Constantino Romero, la voz de la modernidad

Hasta entonces en el mundo la voz era Sinatra, y en casa Juan Manuel Soriano. Pero ambos quedaban lejos del imaginario del público joven que buscaba en la radio de principios de los setenta lo que sabía que no hallaría en ningún otro medio de comunicación: una ventana abierta al mundo, por pequeña que fuera. El cantante representaba la generación paterna, de postguerra, y el locutor el radioteatro y un estilo que, inexorablemente, iba en declive. Por eso, cuando un lunes cualquiera en Radio Barcelona sonó por primera vez la sintonía de ‘Trotadiscos’, un viejo tema de Booker T. and the M.G.’S, presentado por Àngel Casas, Tino Romero y Rafael Turia, el pequeño y estrecho mundillo de los programas de radio de culto juvenil cambió para siempre. Fueron ellos, junto a Josep Mª Pallardó y sus ‘Clan de la una’ y ‘Al mil por mil’ los responsables de la educación sentimental de una generación que se construyó aprendiendo en la calle y por la radio. La voz dejó de ser un símbolo de antiguo régimen, la voz podía ser moderna, próxima, para nada engolada; hablar el mismo lenguaje político y cultural, vaya. Constantino Romero contribuyó desde radio Barcelona (donde trabajó entre 1965 y 1975) a enterrar el franquismo cultural. Lo suyo había comenzado tímidamente en Radio Juventud, la célebre radioescuela, con ‘Radio Young’, toda una declaración de principios. Después llegaron ‘Trotadiscos’ y ‘Tino Show’ y, tras pasar a RNE, siguió con ‘Amor, discos y recordisocs’, entre otros. Todo un proyecto vital y profesional.

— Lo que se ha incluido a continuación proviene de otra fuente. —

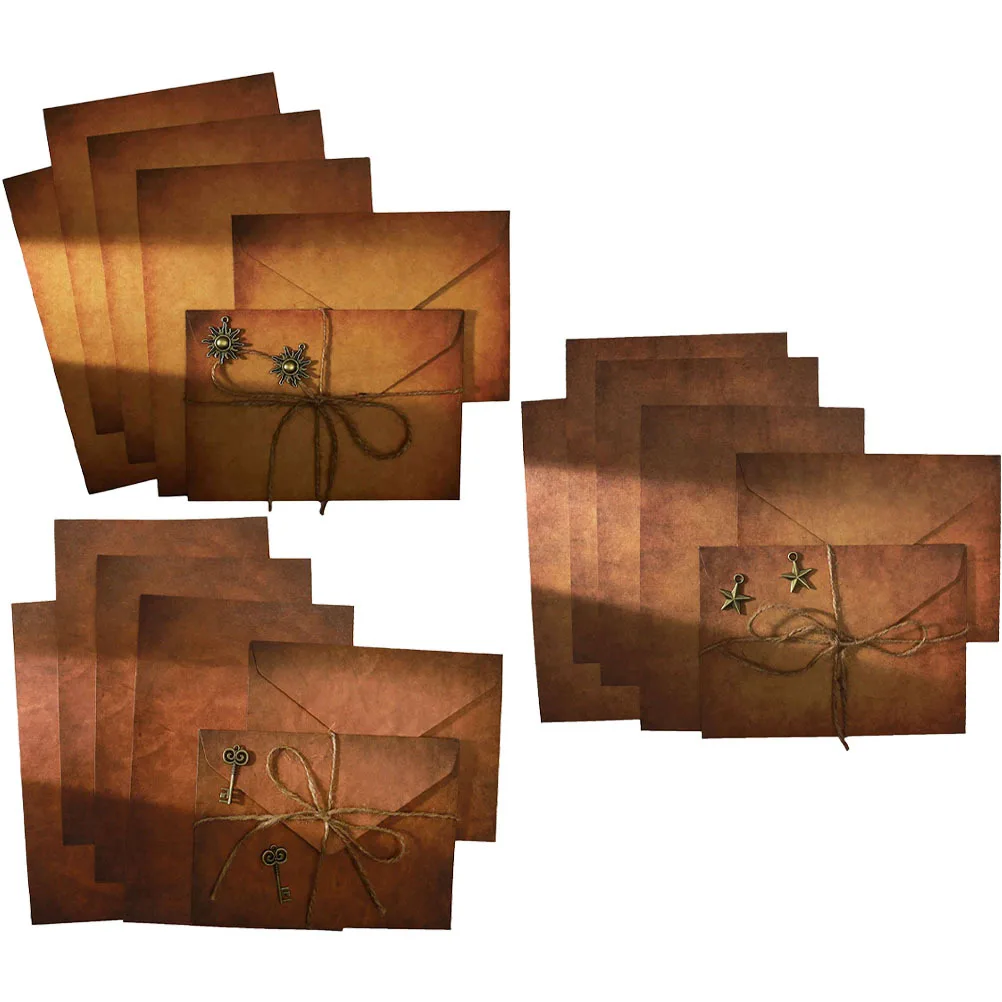 3 مجموعات الرجعية رسالة ظرف ورقي مجموعة كرافت خمر الكتابة القرطاسية سميكة السلس شقة ل مغلفات بطاقة دعوة التعبئة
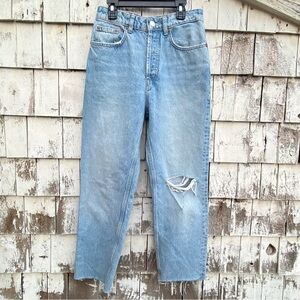 Zara Distressed High Rise Mom Jeans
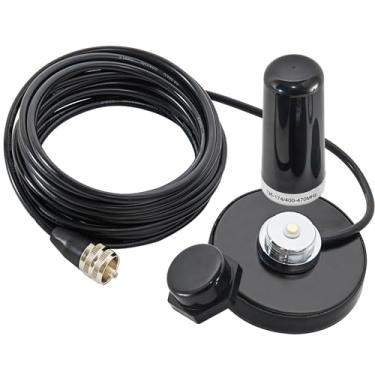 Imagem de Anina Antena NMO VHF UHF de banda dupla de 9,5 cm com base de antena magnética PL-259 RG58 Cabo coaxial NMO Capa de montagem para rádio amador CB Rádio Marítimo bidirecional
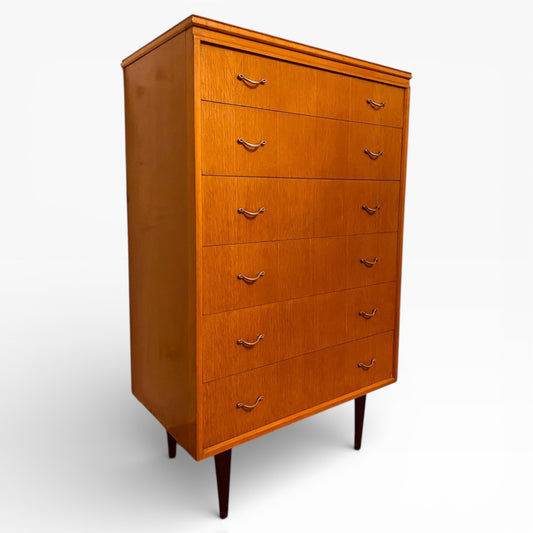 Mid Century Teak Tallboy - Vintage Six Drawer Chest With Brass Handles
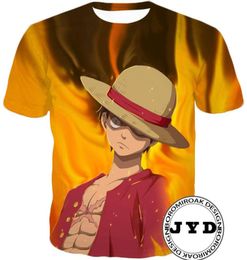 Anime T-shirt Men Ffy Shirts 3D Femmes T-T-T-T-Tops One Piece Fashion Tshirts Hip Hop Streetwear S5xl 10 Styles92702894535336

A finales de los ochenta la televisión te tentó, claro. Y con ‘El tiempo es oro’ la voz de la modernidad puso de acuerdo a abuelos y nietos. La tradición de la escuela de locución catalana recuperaba el hilo histórico. Soriano, maestro indudable, cedía su título a Romero; en la radio las generaciones se sucedían sin más conflicto, y en las familias también. El radioteatro daba paso a los escenarios del Poliorama o el Victoria, y Constantino hacía grande la cultura de masas actuando en la ‘Òpera dels tres rals’, de Bertold Brecht o en ‘La ronda’ d’Arthur Schmitzlez. Pero fue en el papel del diabólico barbero de la calle Fleet, Sweeney Tood, donde el mito de la voz se hizo carne de actor.

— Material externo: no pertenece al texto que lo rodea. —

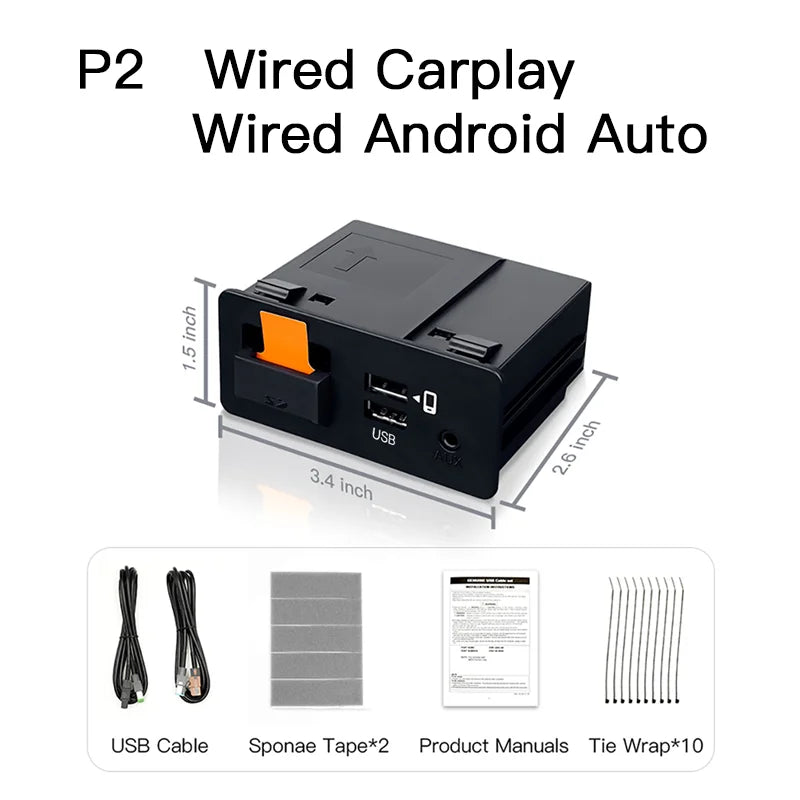 NEW P3 For Wireless Apple CarPlay Android Auto Adapter USB Hub OEM for Retrofit Mazda 2 3 6 CX3 CX5 CX8 CX9 MX5 TK78669U0C Kit sayaragear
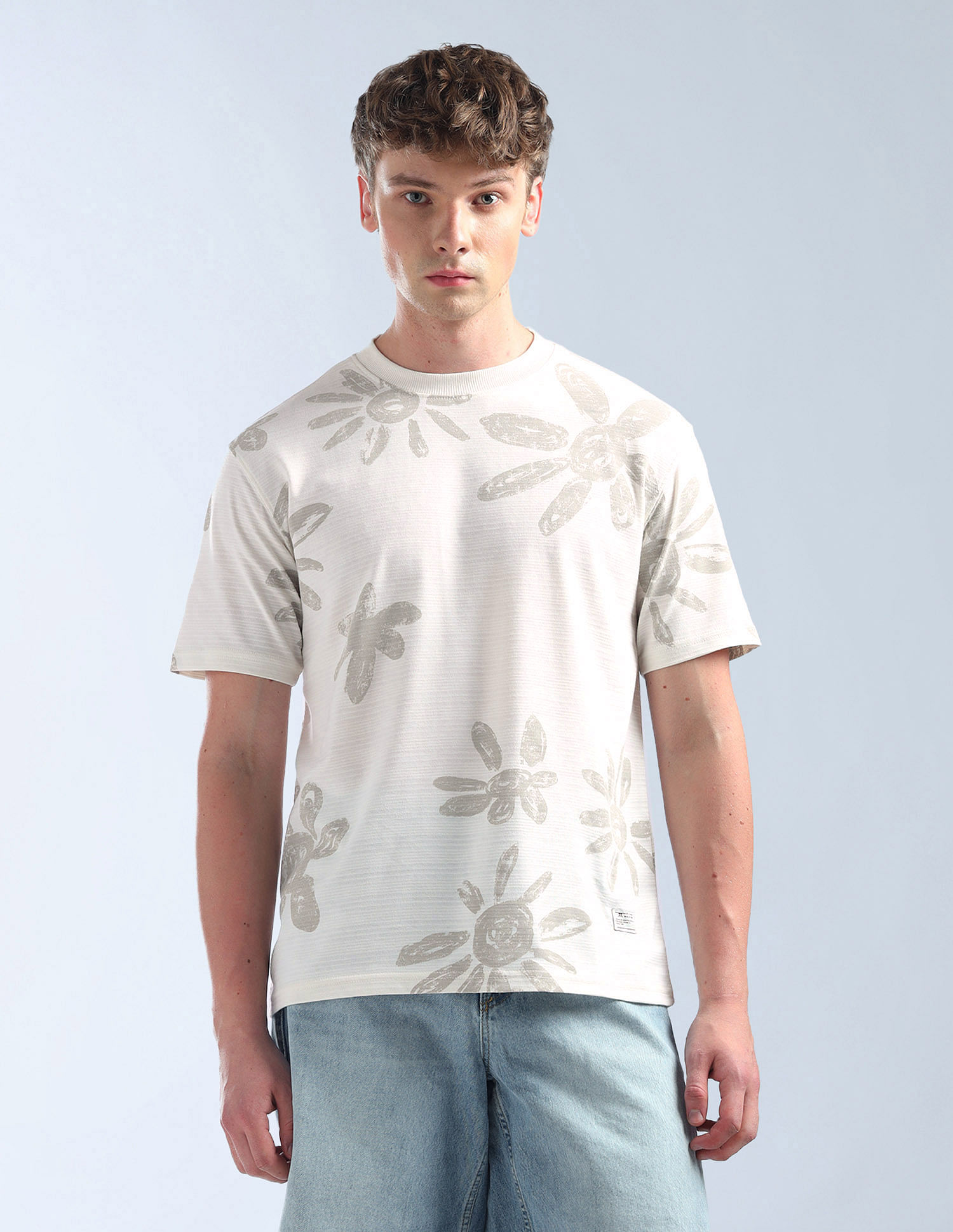 Flying Machine Floral Printed Relaxed Fit T-Shirt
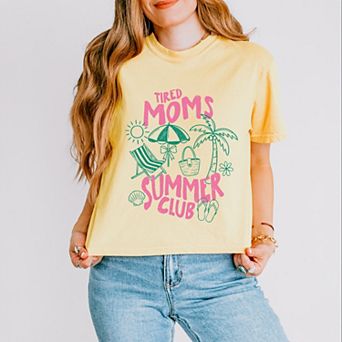 Tired Moms Summer Club - Women's Boxy Crop Top Graphic T-Shirt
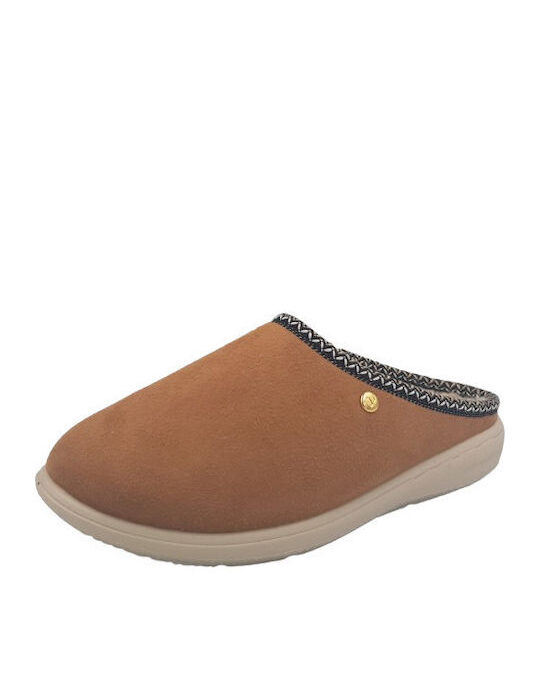 Vesna Ανατομικές Γυναικείες Παντόφλες με Γούνα Καφέ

El día 5 de abril de 1995 la platea del Poliorama se puso en pie, con la crítica al frente, para rendirse a la magia teatral y el talento de Constantino Romero, Vicky Peña, Pep Molina, Teresa Vallicrosa y la dirección de Mario Gas. Stephen Sondheim conseguía, por fin, saltar de Broadway a Barcelona con todos los pronunciamientos favorables. Jamás se había producido aquí un musical homologable internacionalmente: ‘Ets un noi, la vida t’ha anat bé, n’aprendràs’, le decía en un pasaje Constantino a Pep Molina. Así era.

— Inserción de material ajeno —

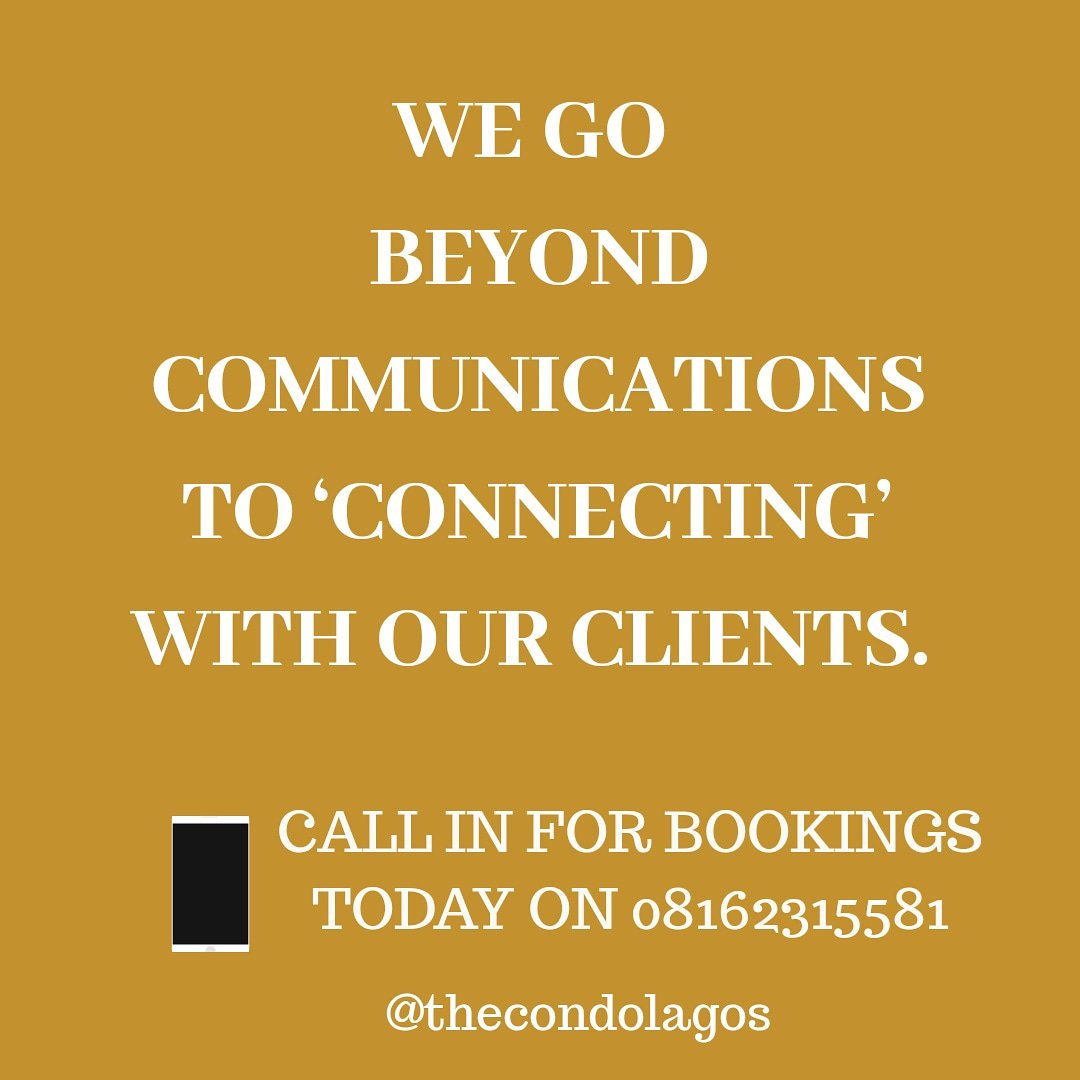 CondoLagos's tweet photo. We go beyond communications to communication with our clients🤝🏽😊.
.
.
.
.
Call in for booking or visit us today at No 1 Kofo Abayomi way, Nigerian Air Force camp, Victoria Island, Lagos.

#TheCondo #YourCondo https://t.co/hYs4rfWOgW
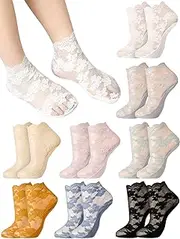 [Geyoga] 8 Pairs Women Lace Fishnet Ankle Socks Transparent Floral Mesh Socks Thin Summer Sheer Socks for Women and Girls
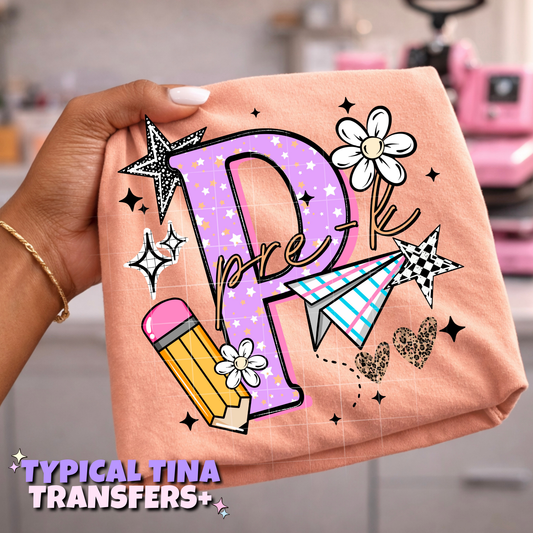 Purple with stars (grades) | DTF Transfers | POD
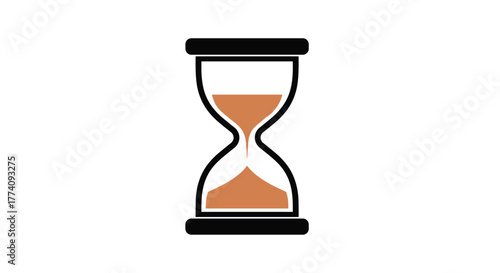 Elegant hourglass symbolizes passing time and precious moments ticking away in a clean, modern design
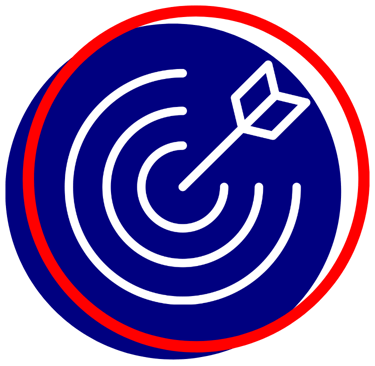 Mission Statement - Blue and Red Circle with Arrow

Clint Eastwood, Sean Connery o Arnold Schwarzenegger fueron parte de ese aprendizaje que Constantino supo traspasar a una nueva generación de público. De los tiempos de Trotadiscos a Sweeney Tood, el país había crecido. Las jóvenes generaciones tenían sus propios manuales para saber vivir; las voces cambiaban y se multiplicaban. Romero lo sabía. El monólogo final del replicante, Roy Batty, en Blade Runner fue, a la postre, todo un símbolo: "yo he visto cosas que vosotros no creeríais..." Y gracias a que nos lo contó con su voz, crecimos.